Would you mention some barometric damper outfits with high quality/function products?
Some other data:
Propane cook top as only open combustion (elec. oven, boiler -radiant slab- with outside air intake and DHW loop).
Two people, two bedrooms
7500 HDD, east foot of Rockies, dry year round, no AC necessary.
Tight house (guessed at .25 ACH), 1725 sq.ft., 35% SSF (passive solar).
Only potential for intake is on predominently leeward side.
Here's a formula that will get things started.
Q= 1.07 X A X the sq. root of 3p
1.07 is a constant
A=area of the opening needed at each end of the duct
3p= 3 pascals of pressure difference.
So if you needed 300 cfms of passive makeup air:
350 cfm= 1.07 X 188.9 X 1.7321
The duct size would be at least 16" round ,based on your rescription.
For the given CFM, the pressure difference has the only potential wiggle room. Are the 3 Pascals of pressure difference hard and fast for a passive supply duct or would it be different for the two examples (10'& 2-90's, 37' & 4-90's)?
The equation is actually for the grille size required for a passive transfer grille .Note that the area given ,is the "free" area of the grille ,usually about 75% of the total grille size,best to use the grille mfrs. data ,if possible.
The duct size needs to be increase ,when the distance and elbows increase.
More than 3 pascals ,will tend to cause infiltration,when the exhaust fans are on,which is what I'm guessing you are trying to avoid.
It's not likely that all fans ,and the dryer will be on at the same time,at least not often,so you may want to consider that in your sizing.
Where do you intend for the makeup air to enter the home?
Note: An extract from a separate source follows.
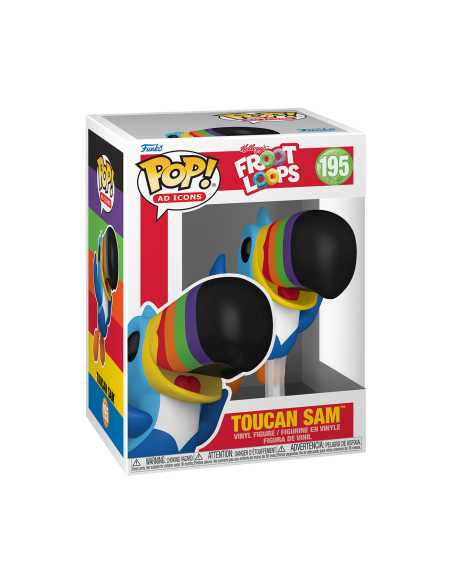 Kelloggs: Funko Pop! Ad Icons - Toucan Sam Flying (Vinyl Figure 495)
as Dash states: consider the most likely scenerio: 2 ba fans for 15- 20min, or
dryer fan for 40min,
or cook fan for 30min.
yes, sometimes may come up a little short, but if one is cooking, exterior doors may be opened due to coming/going.
What is YOUR family pattern?
2 intakes, 1 for ba, 1 for kit & dryer? -- keeps pipes smaller
[Edited by cem-bsee on 06-24-2005 at 10:58 AM]
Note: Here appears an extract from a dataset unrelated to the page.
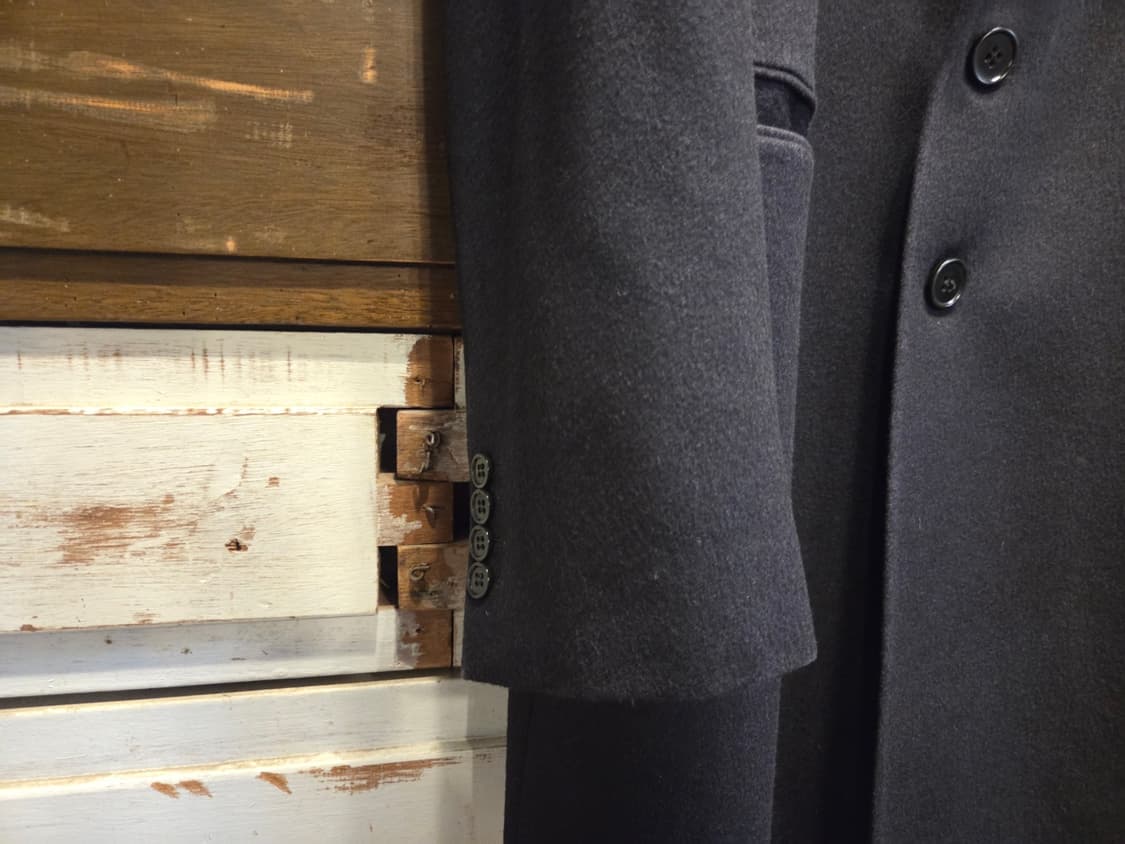 아르마니 꼴레지오니 체스터필드코트  상품이미지3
The intake would be about floor level below neutral plane (no basement, single story) and other end is in or near ceiling either behind refrigerator (10'w/ 2-90's), in pantry near freezer, (23' and 3-90's), in non-sitting area between LR and Kitch.(37' and 4-90's).
I don't know that I'm trying to avoid infiltration, but I don't do this for a living. The make-up aspect of this is to control where the air comes into the house so I figured when the rangehood was on, the pressure differential would open the barometric damper further than the 50-60 cfm continuous bath fan (ACH) does (one BR, Cem-bsee).
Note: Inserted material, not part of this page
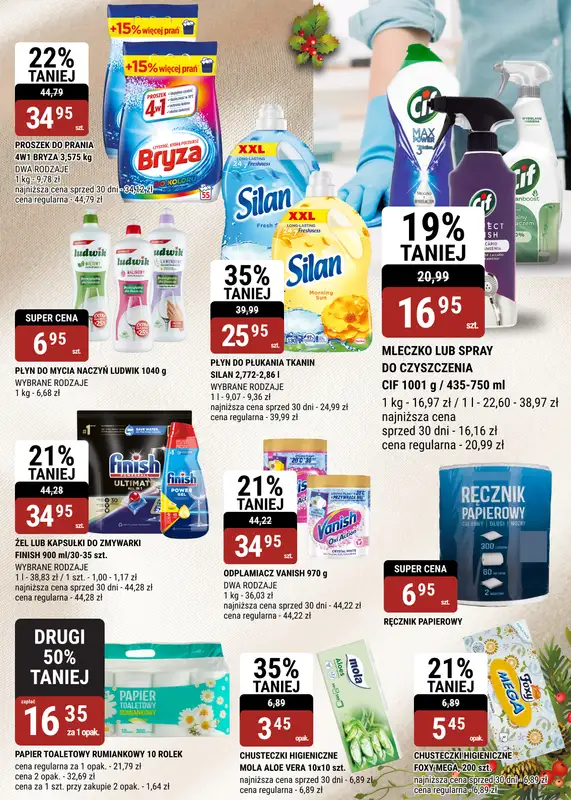 bi1 - gazetka promocyjna Gazetka Bielsko-Biała I Dobre ceny. Dobry wybór od środy 26.11 do wtorku 02.12 - strona 21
Thanks for pointing out the useage times. Our useage is two people, simple living, conservation minded.
I see your point about two intakes. The Dryer is on north wall in Ut.Rm. which is across the hall, two doors, 19', and on the same level (north half floor 6" up from south half floor) as the Bath Rm. The rangehood is in the south half some 35' away from the dryer and the passive intake and dump are in between. Does this work with your suggestion?
If you use one "damper" and duct for all,the bath fans alone ,likely won't be enough to open it.
If you duct it to the return of the HVAC system,then the fresh air can be "conditioned" and filtered.
There is no 'return to the HVAC', Dash, heating radiant slab (Weil-McLain 'Ultra' boiler).
My bad ,when you are in Florida,it's easy to think everyone has a ducted A/C system.
My part of Wyoming, you want it cooler, you open a window. In the heat of the summer (mid-July to mid-Aug.) opening them after sunset will cool a house enough to get you through the day... usually.